The invention discloses peptides and a method for amplifying CIK cells in vitro. Research results of the embodiment of the invention show that a peptide A and a peptide B can effectively promote in-vitro proliferation of CIK cells; meanwhile, technicians in the field know that CD3+CD56+cells are main effector cells of the CIK cells, and the proportion of the CD3+CD56+cells in the cells subjected to induced proliferation of the peptide A and the peptide B is remarkably higher than that of a conventional induced culture method without the peptide A or the peptide B. The high proportion of the CD3+CD56+cells determines that the same number of peptide A and peptide B group cells has stronger tumor lethality in nude mice. Therefore, the peptide A and the peptide B can be used for CIK cell in-vitro amplification to prepare a CIK cell in-vitro amplification reagent.

The invention relates to a method for differentiating mesenchymal stem cells into bile duct cells. The method comprises the following steps: (1) differentiating human mesenchymal stem cells into endodermal stem cells (cell differentiation culture; and (2) carrying out maturation differentiation on the endodermal stem cells, so as to obtain the bile duct cell (cell maturation culture). According toa ''two-step differentiation method'' for inducing the differentiation of the mesenchymal stem cells under a specific culture condition, the human mesenchymal stem cells is successfully differentiated into the functional bile duct cells, the stem cells and other cells do not need to be subjected to co-culture or genetic recombination, and the induced differentiation is carried out only based on the specific culture condition.

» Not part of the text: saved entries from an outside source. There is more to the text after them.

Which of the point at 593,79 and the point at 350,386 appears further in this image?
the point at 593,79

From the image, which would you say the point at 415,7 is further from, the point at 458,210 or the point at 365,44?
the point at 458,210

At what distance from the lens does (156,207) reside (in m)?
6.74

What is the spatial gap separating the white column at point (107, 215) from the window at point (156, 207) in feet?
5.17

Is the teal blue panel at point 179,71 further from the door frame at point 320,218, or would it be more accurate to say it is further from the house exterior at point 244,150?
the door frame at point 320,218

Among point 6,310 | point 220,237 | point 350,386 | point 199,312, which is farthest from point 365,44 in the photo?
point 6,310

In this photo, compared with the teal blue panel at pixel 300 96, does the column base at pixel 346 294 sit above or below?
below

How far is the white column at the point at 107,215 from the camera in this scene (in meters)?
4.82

The bile duct cells are easily available, have no immunoreaction and tumorigenesis property, can be rapidly proliferated in vitro and are hopeful of being applied to clinical drug screening, manual biliary tract reconstruction and the like.

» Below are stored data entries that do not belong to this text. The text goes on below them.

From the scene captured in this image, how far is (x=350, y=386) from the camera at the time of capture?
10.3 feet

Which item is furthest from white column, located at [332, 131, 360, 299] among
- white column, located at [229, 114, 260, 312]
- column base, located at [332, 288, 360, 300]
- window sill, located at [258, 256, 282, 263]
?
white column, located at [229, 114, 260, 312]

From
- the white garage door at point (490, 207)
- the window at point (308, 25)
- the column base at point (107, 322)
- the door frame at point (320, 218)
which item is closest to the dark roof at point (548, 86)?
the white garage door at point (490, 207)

The invention discloses application of caffeic acid derivatives to promotion of in-vitro proliferation of umbilical cord mesenchymal stem cells and preparation of a proliferation promoting culture medium. By experiments in the invention, the following result can be found that caffeic acid-4-2-hydroxyethyl morpholine ester can obviously promote in-vitro proliferation of hUCMSCs (human umbilical cord mesenchymal stem cells), has a dose-dependent effect and a time-dependent effect, and the hUCMSCs proliferated by the caffeic acid-4-2-hydroxyethyl morpholine ester are still kept having very high multi-directional differentiation capacity and cna be used as seed cells. Therefore, the caffeic acid-4-2-hydroxyethyl morpholine ester can be used for promoting in-vitro proliferation of the hUCMSCs and used for preparing a culture medium for promoting in-vitro proliferation of the hUCMSCs.